-- DIRECTIONS FOR THIS TASK --
Restate each record exactly as it was written.
☆ ☆ ☆ ☆ ☆
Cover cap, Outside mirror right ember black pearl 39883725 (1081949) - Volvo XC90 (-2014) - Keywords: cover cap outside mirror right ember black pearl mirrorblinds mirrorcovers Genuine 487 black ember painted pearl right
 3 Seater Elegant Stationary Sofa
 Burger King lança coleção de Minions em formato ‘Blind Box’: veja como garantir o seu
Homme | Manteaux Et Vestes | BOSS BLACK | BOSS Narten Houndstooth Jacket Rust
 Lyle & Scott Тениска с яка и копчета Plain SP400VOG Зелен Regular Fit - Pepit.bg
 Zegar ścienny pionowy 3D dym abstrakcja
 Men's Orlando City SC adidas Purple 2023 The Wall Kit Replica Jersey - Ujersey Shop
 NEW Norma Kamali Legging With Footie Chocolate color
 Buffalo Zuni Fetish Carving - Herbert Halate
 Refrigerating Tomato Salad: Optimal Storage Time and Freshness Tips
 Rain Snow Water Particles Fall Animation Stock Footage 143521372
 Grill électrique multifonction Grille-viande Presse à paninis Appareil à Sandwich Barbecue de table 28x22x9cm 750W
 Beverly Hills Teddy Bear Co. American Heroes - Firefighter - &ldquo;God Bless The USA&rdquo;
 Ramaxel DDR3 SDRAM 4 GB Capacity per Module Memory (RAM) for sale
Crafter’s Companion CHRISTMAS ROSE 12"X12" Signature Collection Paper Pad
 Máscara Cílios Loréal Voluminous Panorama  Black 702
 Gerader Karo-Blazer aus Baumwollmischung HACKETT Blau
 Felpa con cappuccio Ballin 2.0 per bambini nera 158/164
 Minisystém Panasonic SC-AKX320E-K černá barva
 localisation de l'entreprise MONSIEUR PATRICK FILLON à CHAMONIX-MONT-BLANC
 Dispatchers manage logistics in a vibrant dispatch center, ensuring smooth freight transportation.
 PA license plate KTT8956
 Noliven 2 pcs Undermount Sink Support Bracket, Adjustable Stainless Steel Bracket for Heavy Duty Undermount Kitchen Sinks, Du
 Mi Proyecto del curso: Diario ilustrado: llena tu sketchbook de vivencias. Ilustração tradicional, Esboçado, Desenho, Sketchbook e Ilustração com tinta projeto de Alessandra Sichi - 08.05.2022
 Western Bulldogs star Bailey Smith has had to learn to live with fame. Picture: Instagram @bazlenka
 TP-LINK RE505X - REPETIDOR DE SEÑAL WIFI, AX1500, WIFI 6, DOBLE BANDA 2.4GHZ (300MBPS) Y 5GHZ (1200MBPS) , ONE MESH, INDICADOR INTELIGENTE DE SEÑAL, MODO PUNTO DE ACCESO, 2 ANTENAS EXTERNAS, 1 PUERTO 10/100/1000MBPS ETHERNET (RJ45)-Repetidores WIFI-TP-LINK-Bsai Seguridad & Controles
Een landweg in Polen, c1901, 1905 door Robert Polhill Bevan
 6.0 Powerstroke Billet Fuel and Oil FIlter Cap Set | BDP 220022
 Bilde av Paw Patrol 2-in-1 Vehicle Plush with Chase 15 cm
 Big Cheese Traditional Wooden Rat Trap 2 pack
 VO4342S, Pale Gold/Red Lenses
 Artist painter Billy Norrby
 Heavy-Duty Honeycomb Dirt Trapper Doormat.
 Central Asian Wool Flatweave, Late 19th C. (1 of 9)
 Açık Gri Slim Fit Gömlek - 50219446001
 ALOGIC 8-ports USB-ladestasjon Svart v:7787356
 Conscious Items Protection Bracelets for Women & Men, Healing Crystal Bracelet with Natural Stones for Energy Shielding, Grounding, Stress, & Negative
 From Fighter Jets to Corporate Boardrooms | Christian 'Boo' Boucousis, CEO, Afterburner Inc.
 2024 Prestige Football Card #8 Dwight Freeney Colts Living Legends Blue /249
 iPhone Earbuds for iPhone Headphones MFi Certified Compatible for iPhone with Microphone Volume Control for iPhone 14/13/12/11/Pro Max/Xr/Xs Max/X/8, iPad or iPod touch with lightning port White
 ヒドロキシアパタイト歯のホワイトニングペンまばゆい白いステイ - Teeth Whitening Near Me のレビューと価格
☆ ☆ ☆ ☆ ☆
-- SOLUTION TO THE PROBLEM --
Cover cap, Outside mirror right ember black pearl 39883725 (1081949) - Volvo XC90 (-2014) - Keywords: cover cap outside mirror right ember black pearl mirrorblinds mirrorcovers Genuine 487 black ember painted pearl right
 3 Seater Elegant Stationary Sofa
 Burger King lança coleção de Minions em formato ‘Blind Box’: veja como garantir o seu
Homme | Manteaux Et Vestes | BOSS BLACK | BOSS Narten Houndstooth Jacket Rust
 Lyle & Scott Тениска с яка и копчета Plain SP400VOG Зелен Regular Fit - Pepit.bg
 Zegar ścienny pionowy 3D dym abstrakcja
 Men's Orlando City SC adidas Purple 2023 The Wall Kit Replica Jersey - Ujersey Shop
 NEW Norma Kamali Legging With Footie Chocolate color
 Buffalo Zuni Fetish Carving - Herbert Halate
 Refrigerating Tomato Salad: Optimal Storage Time and Freshness Tips
 Rain Snow Water Particles Fall Animation Stock Footage 143521372
 Grill électrique multifonction Grille-viande Presse à paninis Appareil à Sandwich Barbecue de table 28x22x9cm 750W
 Beverly Hills Teddy Bear Co. American Heroes - Firefighter - &ldquo;God Bless The USA&rdquo;
 Ramaxel DDR3 SDRAM 4 GB Capacity per Module Memory (RAM) for sale
Crafter’s Companion CHRISTMAS ROSE 12"X12" Signature Collection Paper Pad
 Máscara Cílios Loréal Voluminous Panorama  Black 702
 Gerader Karo-Blazer aus Baumwollmischung HACKETT Blau
 Felpa con cappuccio Ballin 2.0 per bambini nera 158/164
 Minisystém Panasonic SC-AKX320E-K černá barva
 localisation de l'entreprise MONSIEUR PATRICK FILLON à CHAMONIX-MONT-BLANC
 Dispatchers manage logistics in a vibrant dispatch center, ensuring smooth freight transportation.
 PA license plate KTT8956
 Noliven 2 pcs Undermount Sink Support Bracket, Adjustable Stainless Steel Bracket for Heavy Duty Undermount Kitchen Sinks, Du
 Mi Proyecto del curso: Diario ilustrado: llena tu sketchbook de vivencias. Ilustração tradicional, Esboçado, Desenho, Sketchbook e Ilustração com tinta projeto de Alessandra Sichi - 08.05.2022
 Western Bulldogs star Bailey Smith has had to learn to live with fame. Picture: Instagram @bazlenka
 TP-LINK RE505X - REPETIDOR DE SEÑAL WIFI, AX1500, WIFI 6, DOBLE BANDA 2.4GHZ (300MBPS) Y 5GHZ (1200MBPS) , ONE MESH, INDICADOR INTELIGENTE DE SEÑAL, MODO PUNTO DE ACCESO, 2 ANTENAS EXTERNAS, 1 PUERTO 10/100/1000MBPS ETHERNET (RJ45)-Repetidores WIFI-TP-LINK-Bsai Seguridad & Controles
Een landweg in Polen, c1901, 1905 door Robert Polhill Bevan
 6.0 Powerstroke Billet Fuel and Oil FIlter Cap Set | BDP 220022
 Bilde av Paw Patrol 2-in-1 Vehicle Plush with Chase 15 cm
 Big Cheese Traditional Wooden Rat Trap 2 pack
 VO4342S, Pale Gold/Red Lenses
 Artist painter Billy Norrby
 Heavy-Duty Honeycomb Dirt Trapper Doormat.
 Central Asian Wool Flatweave, Late 19th C. (1 of 9)
 Açık Gri Slim Fit Gömlek - 50219446001
 ALOGIC 8-ports USB-ladestasjon Svart v:7787356
 Conscious Items Protection Bracelets for Women & Men, Healing Crystal Bracelet with Natural Stones for Energy Shielding, Grounding, Stress, & Negative
 From Fighter Jets to Corporate Boardrooms | Christian 'Boo' Boucousis, CEO, Afterburner Inc.
 2024 Prestige Football Card #8 Dwight Freeney Colts Living Legends Blue /249
 iPhone Earbuds for iPhone Headphones MFi Certified Compatible for iPhone with Microphone Volume Control for iPhone 14/13/12/11/Pro Max/Xr/Xs Max/X/8, iPad or iPod touch with lightning port White
 ヒドロキシアパタイト歯のホワイトニングペンまばゆい白いステイ - Teeth Whitening Near Me のレビューと価格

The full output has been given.